Başbakan Recep Tayyip Erdoğan'ın çalışma ofisine girişinin ardından gelen Osman Partal, Başbakan'a vermek üzere hazırladığı mektubun içeriğini habercilere anlattı.


“Buraya gelmemin amacı, ben Elazığ-Bingöl karayolunda şehit edilen 33 askerden 34'üncüsüyüm. Şehit edilen 33 arkadaşımın kanı yerde kaldı diyebiliriz. Onunla alakalı faillerin biran önce bulunup adalet önüne çıkartılması ve bize de biran önce gaziliğimizin geri verilmesi talebi için bir mektup yazdık. Artık gelebileceğimiz son noktaya geldik diye düşünüyorum. Onunla alakalı sayın Başbakanımızın bizi anlayacağını düşünüyorum. Umut ediyoruz. Şu an beni bekleyen geride 19 arkadaşımız var. Hepsi aynı dilekte bulunuyor. Bizim tek isteğimiz bize sahip çıkılması. Mesela biz gazi sayılmadık. Geçen 24 Mayıs'ta Bingöl'e gittik. Orada şehit aileleriyle tanıştık. “Kurtulan gaziler siz misiniz?" diye sorduklarında “biz gaziyiz diyemedik" oysa orada yara bere, kurşun yarası... daha ne yapabilirdik vatan için. Gerektiğinden fazlasını yaptık diye düşünüyoruz. Paşalar gibi 19 ayda askerliğimizi yaptık. Şu halimde bile vatan için ölmeye hazırım. Hepimiz mağduruz. Çoğumuz aile problemi yaşıyor. Getirdiğim bu mektupta da bahsettiğim şeyleri yazdık. Derdimizi anlatmaya çalıştık. Umarım sayın Başbakanımız da bizi anlayışla karşılar. Bu mektubu Başbakan'a ileteceğim" dedi.


Partal ayrıca yaşadığı o olayı ve Şemdin Sakık'la arasında geçen diyalogu da anlattı. Partal; “O gün 3 saatlik yolu 6 saatte gittik. Şu an bize soruyorlar Şemdin Sakık orda mı değil mi diye. Ben söylüyorum. Benimle bire bir muhatap oldu. Geldi sigaramı aldı. Trabzon'u başkent yapacağız dedi. Ben katılıyorum 19 arkadaşımla da hem fikiriz. Hatta soruyoruz biz Şemdin Sakık'ın kucağına atan zihniyet suçsuz mu mahsum mu? Yani burada herkes kenara çekildi biz mi suçluyuz. Başbakandan talebimiz gaziliğimizin geri verilmesi. Ben iki yıl tedavi gördüm. Sağlığıma kavuştum. Sağlığına kavuşamayan arkadaşlarımız var. Sahip çıkılmasını istiyoruz" dedi.

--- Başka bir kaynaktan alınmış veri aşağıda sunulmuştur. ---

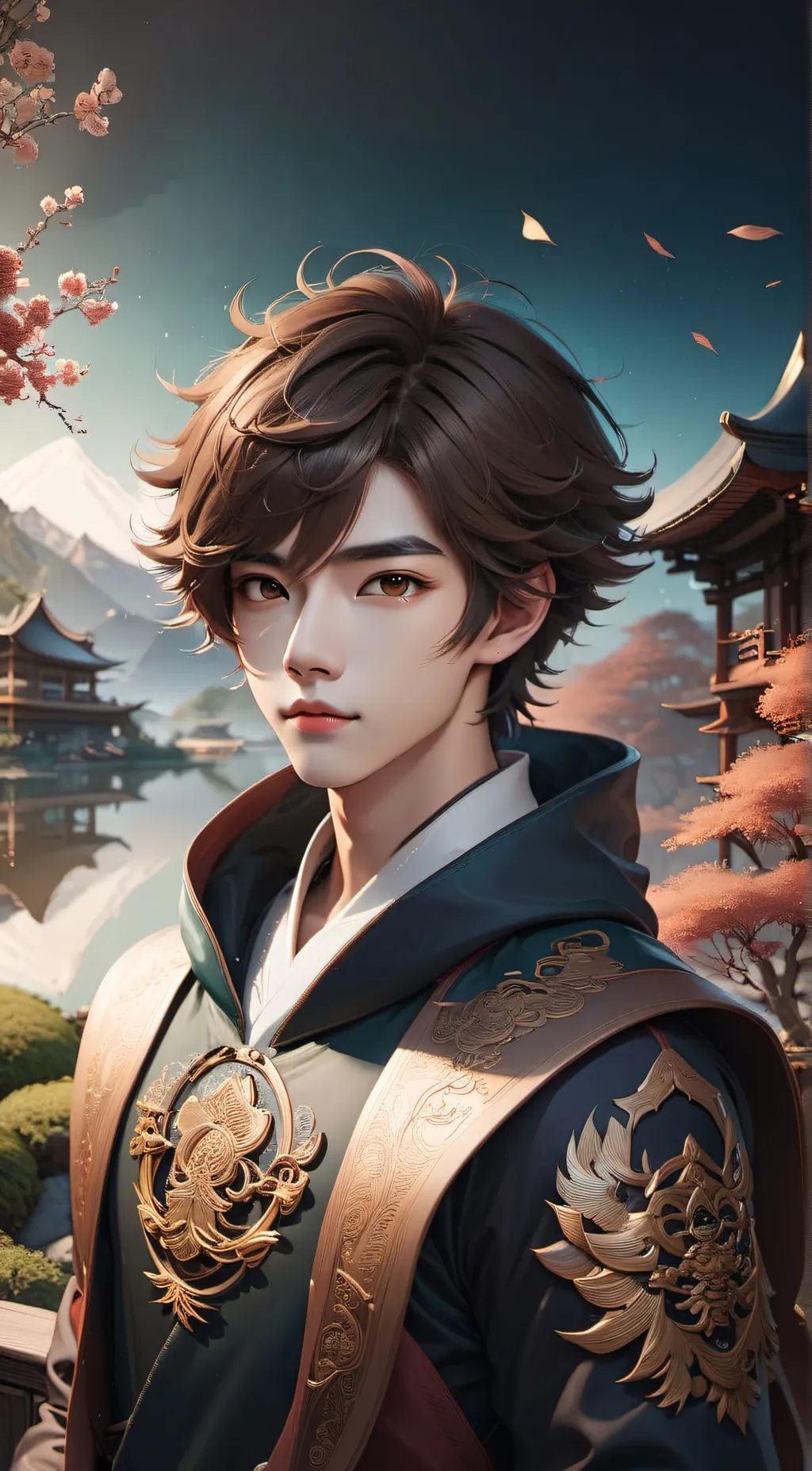 ai character: 🎮ARIC background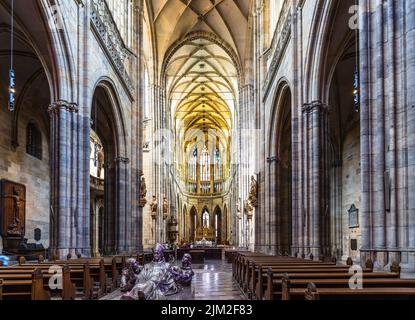 St. Vitus Cathedral in the Prague, Czech Republic, 18 May 2022 Stock Photo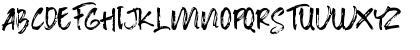 Download Anther Brush Regular Font Uppercase Preview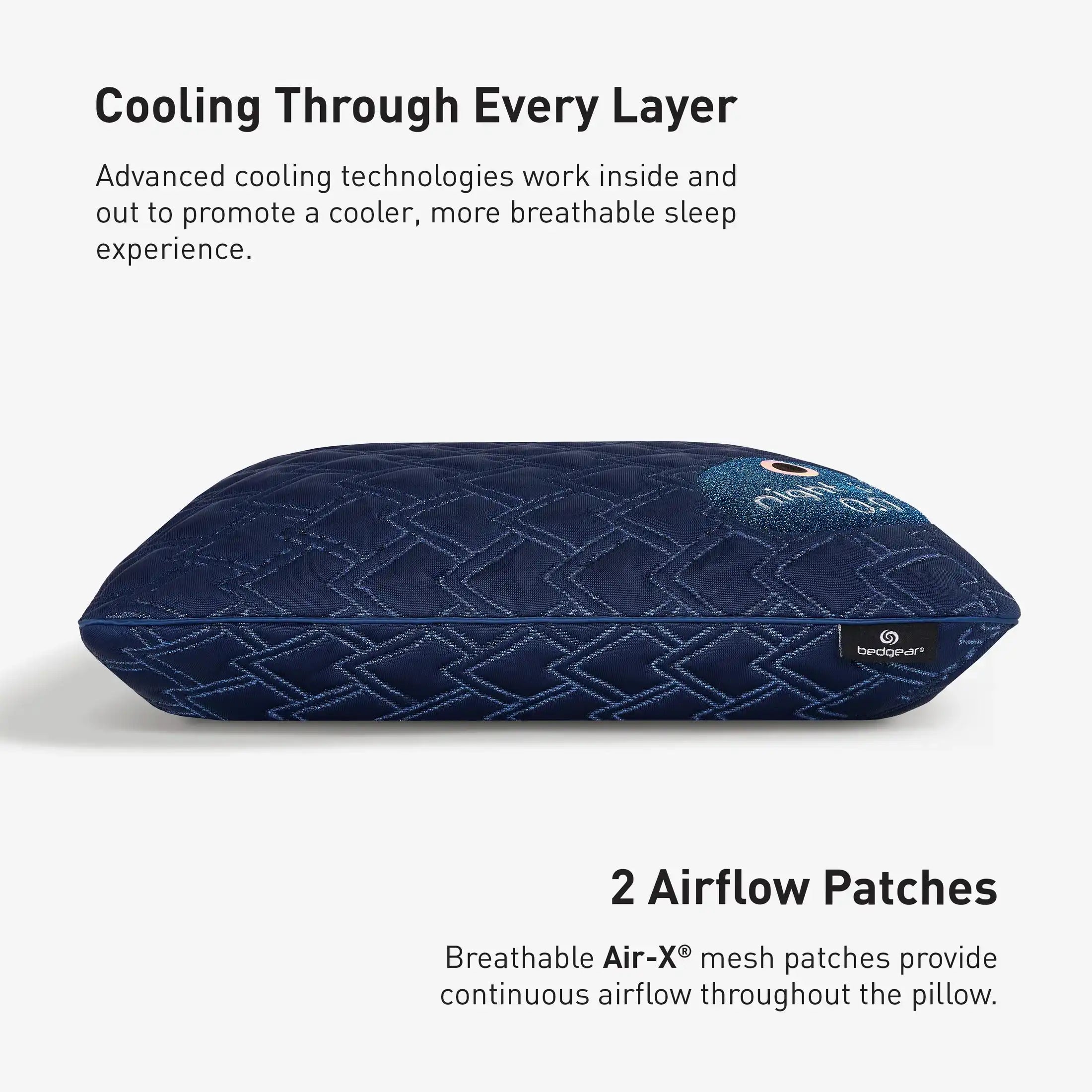 BEDGEAR Night Ice Performance Pillow - Best Buy Furniture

Bir habercinin “bizi kucaklarına attılar dediniz. Sizi onların kucağına atan kimdi?" sorusuna Partal; “kim olduğu belli. Bir yapılanma var. Komutanın bir tanesini televizyonda dinledim biz güya korumamız varmış, onda PKK alıp bizi dağa çıkmış. Hayır efendim biz 3 saatlik yolu 6 saatte gittik. Akşam 6'da pusuya düştük. 9'da bizi köye götürdüler. Oturduk konuştuk. Oradan da dağa götürdüler bizi. İki gruba ayırdılar. Ondan sonra benim de içinde olduğum grubu kurşuna dizdiler. Bizim olay tespit tutanaklarımızın kaybolduğu söyleniyor. Hayır kaybolmadı. İsteyen varsa gelsin bende var. Veririm. Böyle bir zihniyet yok. Bizi attılar ellerine işkence gördük. Bizi onların ellerine atan zihniyetin vicdanı hiç sızlamadı mı" diye konuştu. Partal yaptığı açıklamanın ardından korumalarla birlikte Dolmabahçe'deki Başbakanlık Çalışma Ofisi'ne girdi.